Confrontarsi teatralmente con un poeta come Dino Campana è già di per sé una bella sfida, farlo bene è un traguardo non alla portata di tutti, soprattutto senza cadere nel facile gioco del “riciclo” di versi e parole d’altri, come qualche drammaturgo contemporaneo è abituato a fare. Non è il caso, per fortuna, di Vinicio Marchioni, che lascia da parte i versi dei Canti Orfici e si concentra sul Dino Campana uomo “manicomiato”, restituendone al pubblico una visione non edulcorata e al tempo stesso profondissima.
Campana fu internato a Scandicci per schizofrenia per quattordici anni, sostanzialmente fino alla morte, anni di isolamento e follia, lontano dalla famiglia, dalla madre fuggiasca Fanny, dai libri, da lei, Rina. Al secolo Marta Felicina Faccio, fu per tutti Sibilla Aleramo, ma per lui semplicemente Rina, il nomignolo di bambina con cui non smise di ricordarla, odiarla e amarla. Dino-Vinicio la evoca come una delle tante ombre sul suo cuore e la sagoma di lei inizia a stagliarsi sullo sfondo, mentre il racconto rocambolesco della vita di Campana scorre veloce, fra ricordi, bugie, suggestioni, quelle che secondo il poeta possono lenire le pene dell’animo. Una amore lungo un viaggio in fondo breve, in termini temporali, ma che segnò per sempre i due amanti, creature selvagge ed estranee al loro tempo: un intellettuale borderline e una femminista ante litteram, una coppia che poteva vivere solo nell’alba, perché “dovrebbe esistere solo e soltanto l’alba per l’amore”.

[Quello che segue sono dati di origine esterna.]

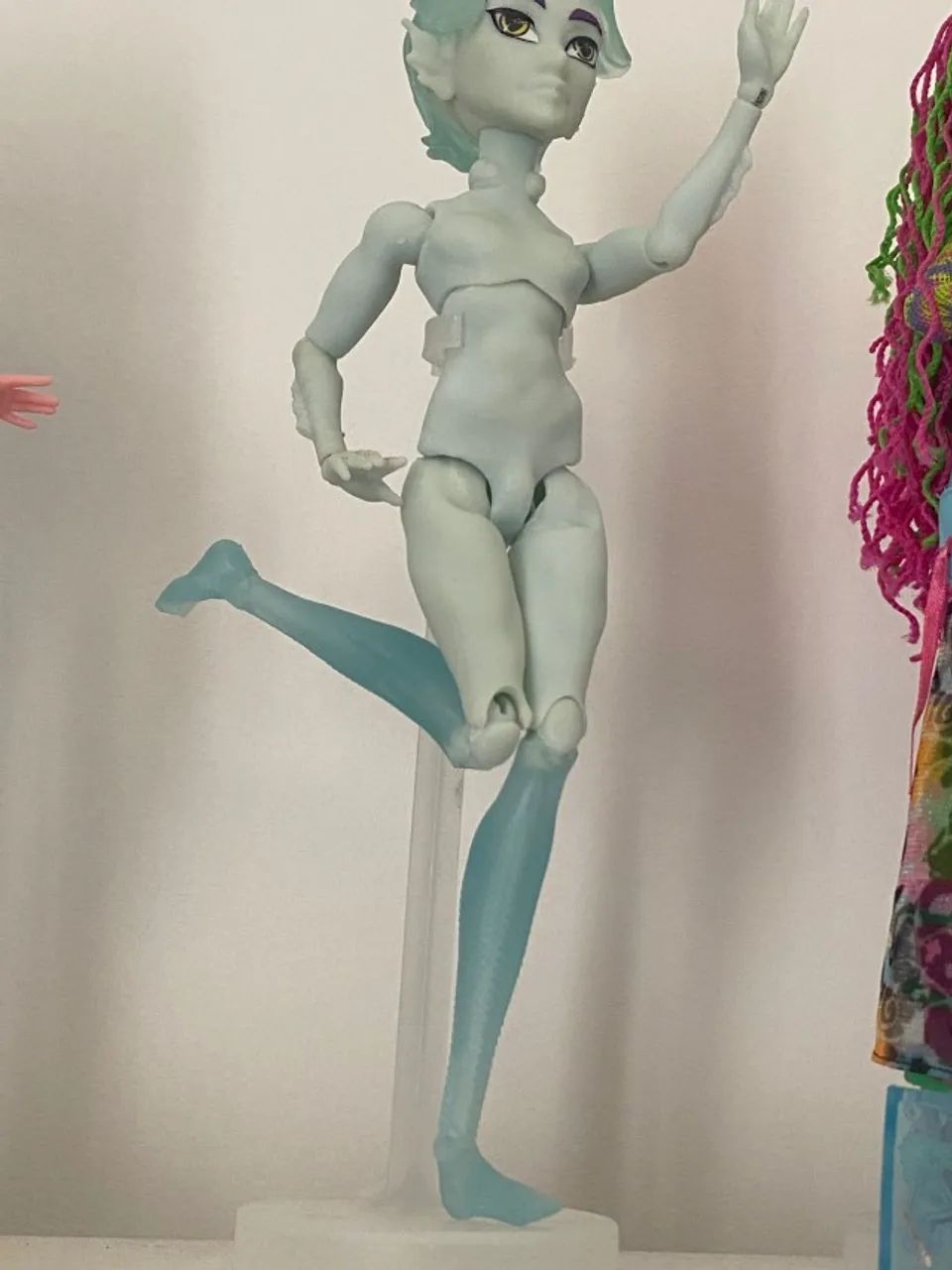 Boneco Gil Monster High G3 Perna Azul - Foto 4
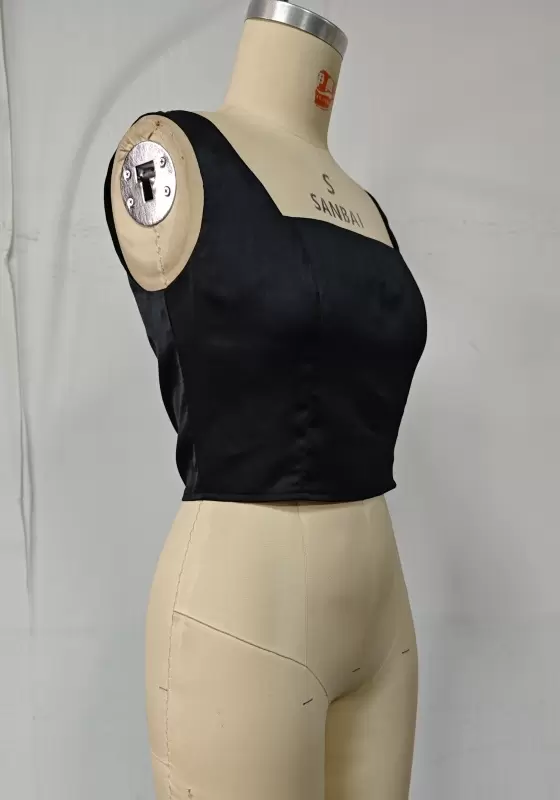 Satin Asymmetric Ruched Midi Dress - Sleeveless Square Neck Bodycon Dress for Women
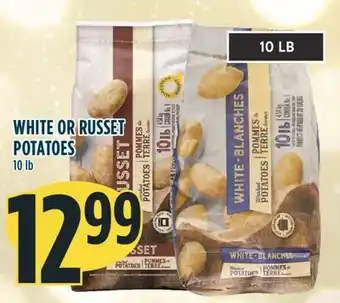 Marché Adonis White or russet potatoes offer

Menzione specialissima per il musicista Ruben Rigillo che accompagna le parole (folli?) di Campana, passando agilmente dalla tromba al piano, dal piatto al canjonin, non un semplice sottofondo musicale, ma vero e proprio protagonista della scena. Piccola ma intensissima incursione di Milena Mancini che dà voce alla Aleramo, anche qui lasciando a casa i versi e concentrandosi sul suo viaggio di donna ferita, ostile, inquieta, innamorata.
Uno spettacolo davvero bello, l’allestimento evocativo con il gioco di ombre e il pavimento ricoperto di pagine poetiche accartocciate, quasi a volerne rimarcare la “poca” importanza che molti purtroppo attribuirono ad una voce che fu piuttosto una delle più interessanti e originali del novecento, colpisce l’occhio e l’anima, il tutto in perfetta armonia col disegno luci, azzeccatissimo. Assolutamente fuori dagli schemi, coraggioso, unico, da vedere.